▸ **EXERCISE DIRECTIONS**:
Within the material below, locate the line with "Puede incluir: Un" and the line with "empty room with", then return those two lines and all lines between them, exactly as written.

▸ **DATASET**:
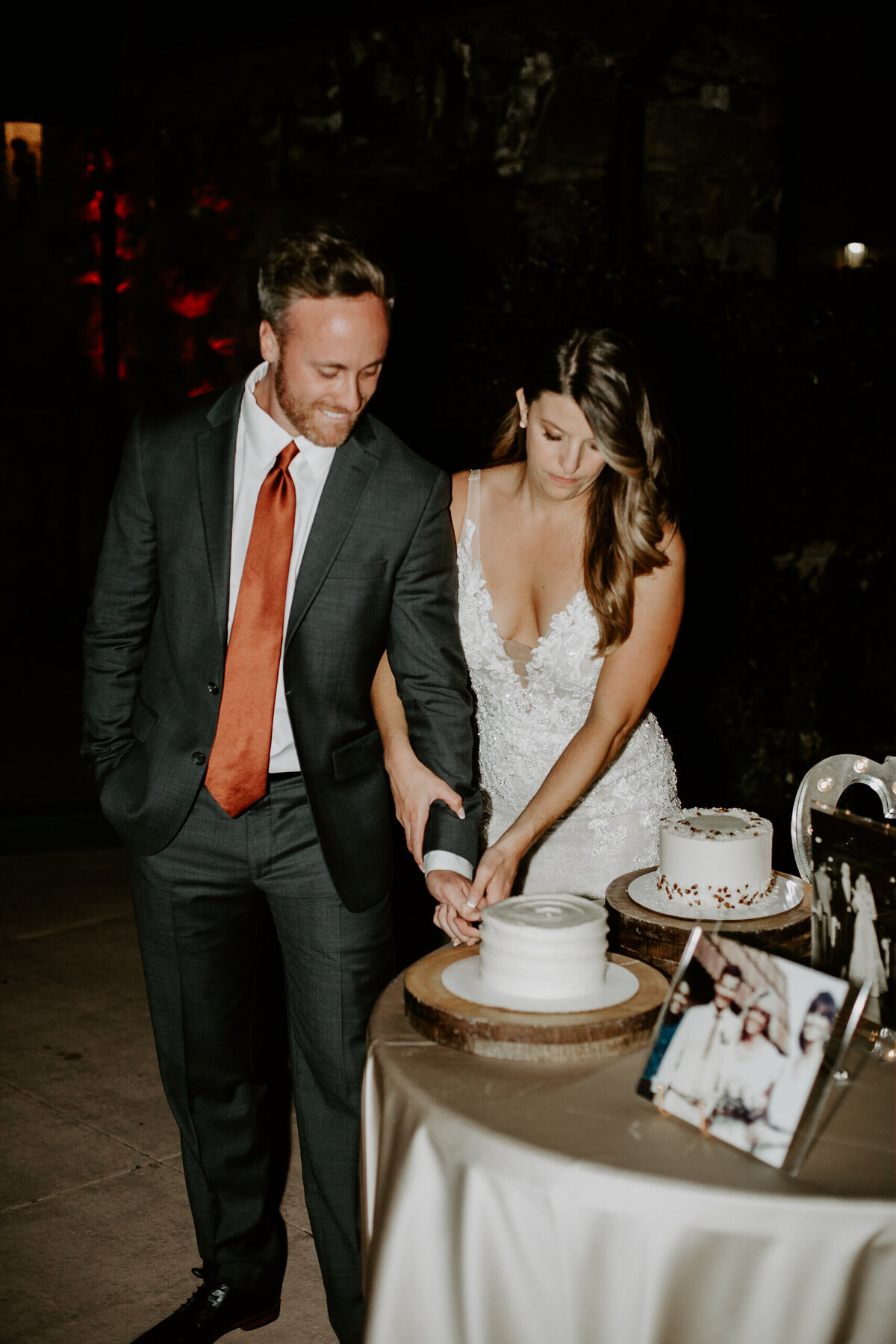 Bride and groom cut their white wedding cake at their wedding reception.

...

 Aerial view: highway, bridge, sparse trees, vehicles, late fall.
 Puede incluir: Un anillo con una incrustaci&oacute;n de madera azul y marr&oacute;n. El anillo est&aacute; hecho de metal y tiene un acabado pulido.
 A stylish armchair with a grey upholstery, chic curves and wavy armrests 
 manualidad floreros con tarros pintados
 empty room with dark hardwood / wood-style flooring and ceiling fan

▸ **SOLUTION**:
 Puede incluir: Un anillo con una incrustaci&oacute;n de madera azul y marr&oacute;n. El anillo est&aacute; hecho de metal y tiene un acabado pulido.
 A stylish armchair with a grey upholstery, chic curves and wavy armrests 
 manualidad floreros con tarros pintados
 empty room with dark hardwood / wood-style flooring and ceiling fan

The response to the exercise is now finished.